▶ [PROBLEM TO WORK ON] From first line to last, transcribe the listing exactly and skip any image.

▶ [DATA FOR PROCESSING]
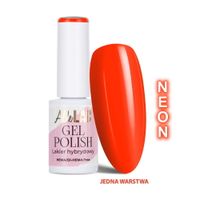Lakier hybrydowy LED/UV Gel Polish Oranges OR3 Neon AlleLac 6g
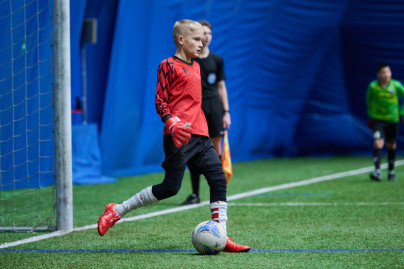 Кубок Владимира Варламова 2024, СШ «Рекорд» — СШ-7 (г. Петрозаводск)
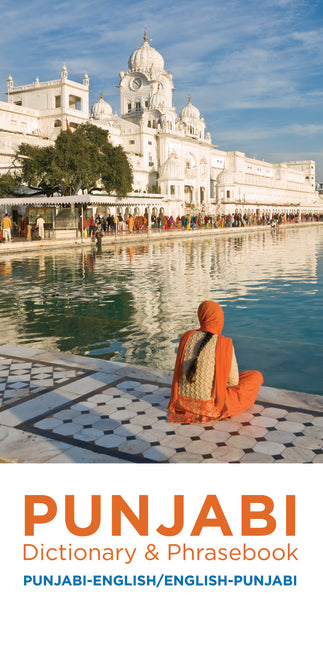 Punjabi Dictionary & Phrasebook - Ingram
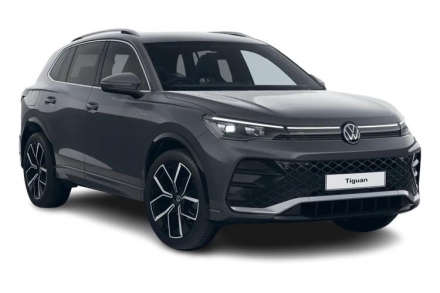 Volkswagen TIGUAN 1.5 TSI 150 Match 5dr DSG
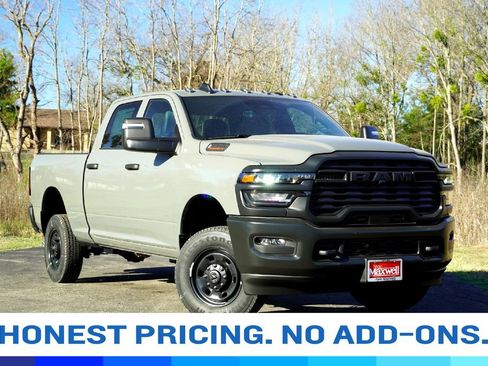 New 2026 RAM 2500 Tradesman image 1
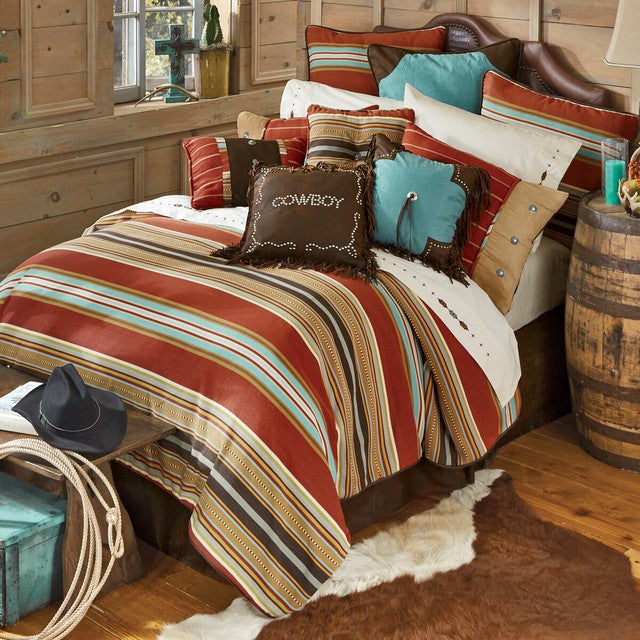 Calhoun Bed Set - Full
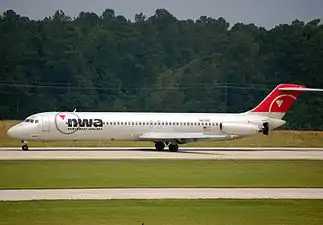 McDonnell Douglas DC-9-50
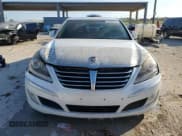 ✅ 2011 Hyundai Equus Signature • VIN: KMHGH4JF1BU029323 • Lot: 43668715. Listed on Copart with 118,585 mi. Free auction sales archive from the USA and detailed vehicle history report at DreamBid. Image 5.
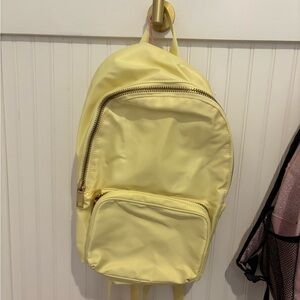 Brand New Stoney Clover x Target Yellow Backpack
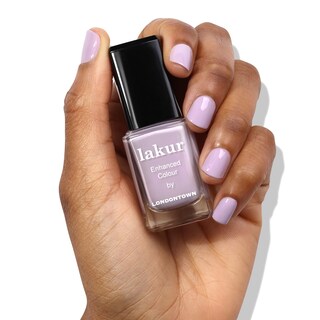 Foto 4 | Esmalte De Uñas Londontown Lakur Golden Hour Honey Lavender - Venta Internacional.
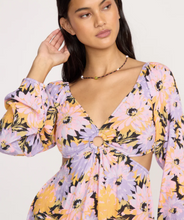 Load image into Gallery viewer, Last Call Mini Dress Black Sands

▶ [SOLUTION TO THIS EXERCISE]
Lakier hybrydowy LED/UV Gel Polish Oranges OR3 Neon AlleLac 6g
 Кубок Владимира Варламова 2024, СШ «Рекорд» — СШ-7 (г. Петрозаводск)
 Punjabi Dictionary & Phrasebook - Ingram
 Volkswagen TIGUAN 1.5 TSI 150 Match 5dr DSG
 New 2026 RAM 2500 Tradesman image 1
 Calhoun Bed Set - Full
 McDonnell Douglas DC-9-50
 ✅ 2011 Hyundai Equus Signature • VIN: KMHGH4JF1BU029323 • Lot: 43668715. Listed on Copart with 118,585 mi. Free auction sales archive from the USA and detailed vehicle history report at DreamBid. Image 5.
 Brand New Stoney Clover x Target Yellow Backpack
 Foto 4 | Esmalte De Uñas Londontown Lakur Golden Hour Honey Lavender - Venta Internacional.
 Load image into Gallery viewer, Last Call Mini Dress Black Sands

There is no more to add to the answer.